The African surgeon should make the maximum impact at the lowest possible cost to as many people in a society as possible. “Our training in fields like intensive care and insight into pulmonology, gastroenterology and cardiology give us the possibility of expanding our roles in African medicine. We must also remember that we are trained physicians as well.
“Should people die or suffer tremendously while we can train a group of surgical specialists or retraining general surgeons to expand our impact on cardiothoracic disease in Africa using available technology maybe more creatively? We have made great progress in establishing an African School for Cardiothoracic Surgery.”
Prof. Smit also highlighted the role of the annual Hannes Meyer National Registrar Symposium that culminated in having an eight-strong international panel sponsored by the ICC of EACTS to present a scientific course as well as advanced surgical techniques in conjunction with the Hannes Meyer Symposium in 2010.
Prof. Smit says South Africa is fast becoming the driving force in cardiothoracic surgery in Africa. South Africa is the only country that has the knowledge, technology and skills base to act as the springboard for the development of cardiothoracic surgery in Africa.
South Africa, however, is experiencing its own problems. Mortality has doubled in the years from 1997 to 2005 and half the population in the Free State dies between 40 to 44 years of age.
“If we do not need health professionals to determine the quality and quantity of service delivery to the population and do not want to involve them in this process, we can get rid of them, but then the political leaders making that decision must accept responsibility for the clinical outcomes and life expectancies of their fellow citizens.
“We surely cannot expect to impose the same medical legal principles on professionals working in unsafe hospitals and who have complained and made authorities aware of these conditions than upon those working in functional institutions. Either fixes the institutions or indemnifies medical personnel working in these conditions and defends the decision publicly.

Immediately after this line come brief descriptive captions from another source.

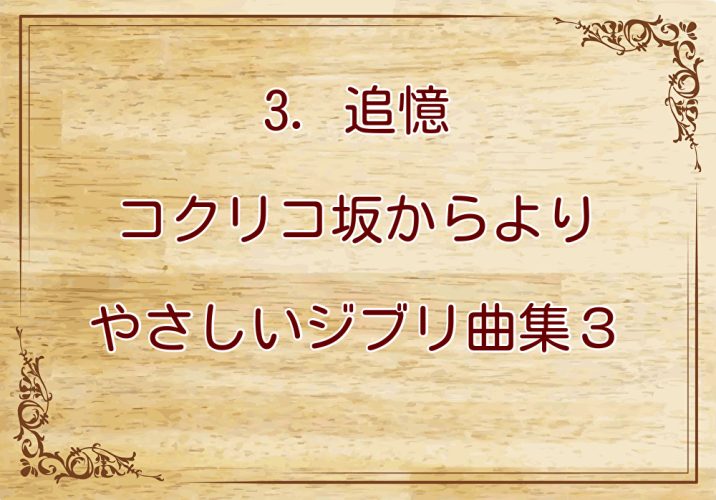 『3. 追憶』コクリコ坂からより　やさしいジブリ曲集３より　小型ハープ動画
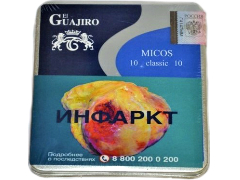 Сигариллы El Guajiro MICOS Сlassik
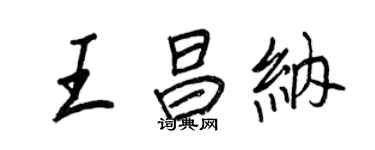 王正良王昌納行書個性簽名怎么寫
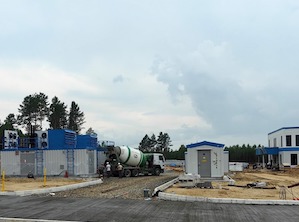 Комплекс сжижения природного газа в Приамурье подключен к сетям связи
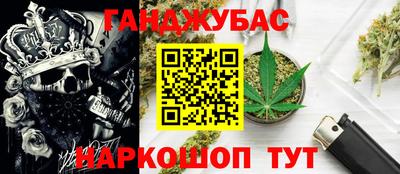 сатива Ливны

“Why do I have to choose the three out of four patients that cannot have a lifesaving operation and will have to die on their own while the system pretends to deliver treatment to all?”
Prof. Smit says developing a service package with guidelines in the public domain will go a long way towards addressing this issue. It is also about time that we have to admit that things are simply not the same. Standards are deteriorating and training outcomes are or will be affected.
The people who make decisions that affect healthcare service delivery and outcomes, the quality of training platforms and research, in a word, the future of South African medicine, firstly need rules and boundaries. He also suggested that maybe the government should develop health policy in the public domain and then outsource healthcare delivery to people who can actually deliver including thousands of experts employed but ignored by the State at present.
“It is time that we all have to accept our responsibilities at all levels… and act decisively on matters that will determine the quality and quantity of medical care for this and future generations in South Africa and Africa. Time is running out,” Prof. Smit says.